Florida business leaders put a spotlight Wednesday on the promise and potential pitfalls of Common Core – the tough, new academic standards that are rolling into Florida schools and will help re-shape teaching, learning and testing.
At a wide-ranging, day-long education summit in Orlando, several participants suggested a public awareness campaign to inform parents about the changes – which may be initially painful when they’re implemented in the 2014-15 school year – and to rally broad support in a way that has eluded many of the state’s other, recent education reforms.
“These tend to be Tallahassee conversations. But if we don’t do this right, it becomes a Miami conversation or a Jacksonville conversation” and not in a positive way, Marshall Criser III, president of AT&T Florida and chairman of the Florida Council of 100, told redefinED during a break. “We have an opportunity and responsibility to take this back to our communities … Because if not us, then who?”
“The state should own this initiative,” Education Commissioner Tony Bennett told attendees, reminding them of the marketing effort a decade ago for Just Read, Florida. “It shouldn’t be teachers against people. It shouldn’t be the state against schools, state against districts. This should be a statewide rollout that says this is important to our children and this is important to the future of our state.”
The Council of 100 sponsored the summit with the Florida Chamber Foundation, the National Chamber Foundation and the Institute for a Competitive Workforce. About 100 people attended, including three lawmakers, two superintendents, Board of Education Chairman Gary Chartrand and Florida Education Association President Andy Ford.

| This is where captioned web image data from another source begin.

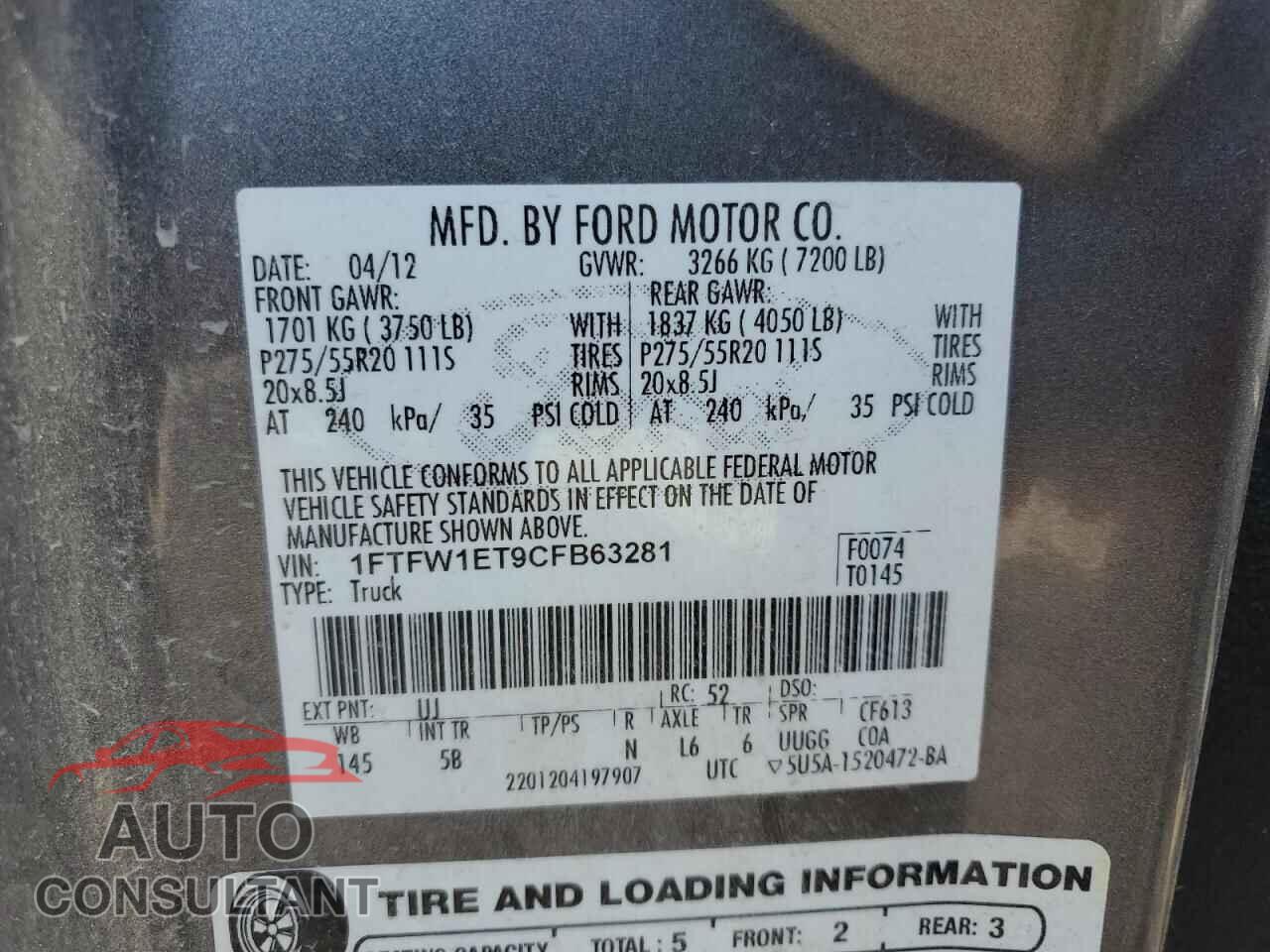 FORD F-150 2012 - 1FTFW1ET9CFB63281
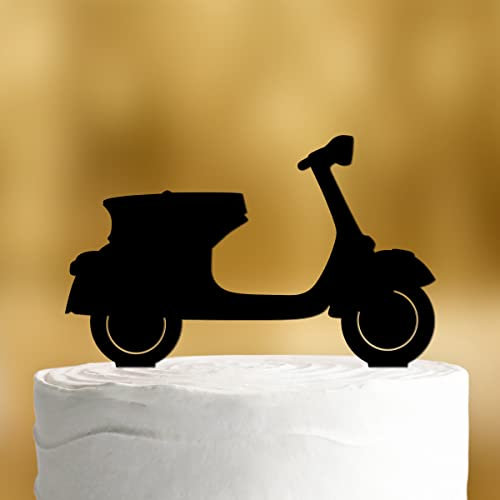 Cake Topper Vespa [retro] - Acryl schwarz - für die Geburtstagstorte - Geburtstagsdeko Tortenaufleger happy birthday party deko Geschenkideen Happy birthday tortendeko Geburtstag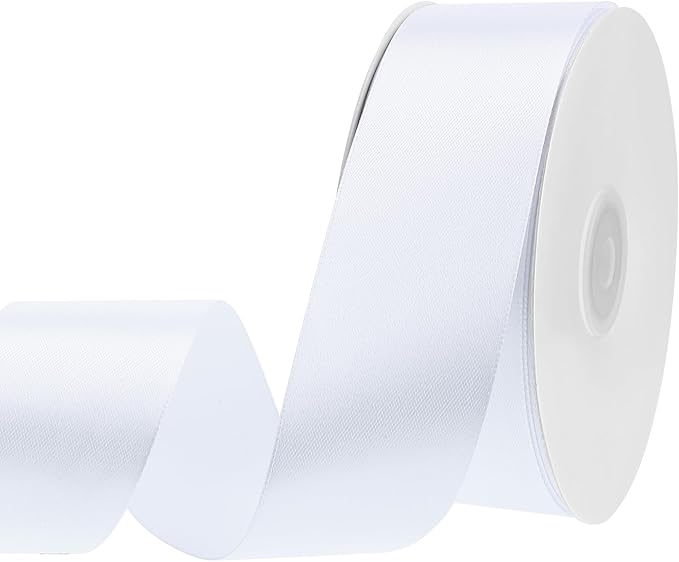 White Ribbon 60 Yards 1 1/2 inch White Satin Ribbon Wide Gift Ribbons for Flower Floral Arrangement Gift Wrapping Chair Cheer Bows Wedding Bride Sash Baby Shower Christmas Bedroom Decor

Spurred by the National Governors Association and the Council of Chief State School Officers, the Common Core standards in math and language arts have been adopted by 44 states. They’re well-thought-out and well-vetted. They’re benchmarked against international standards. They’re designed to instill a deeper knowledge than state standards do now. In the long term, supporters say, the higher bar will better prepare students for college and careers and an ever-more-competitive world. In the short term, though, ouch: They’re expected to result in a steep drop in test scores – and all the angst that comes with it.
“That’s a pain point,” Criser said. “But people have to understand that’s good,” he continued, because it’s the first step on a better path.
The discussion around Common Core has centered almost exclusively on public schools. But its gravitational pull is expected to be so strong that the impact will be felt at the private schools, too, to varying degrees.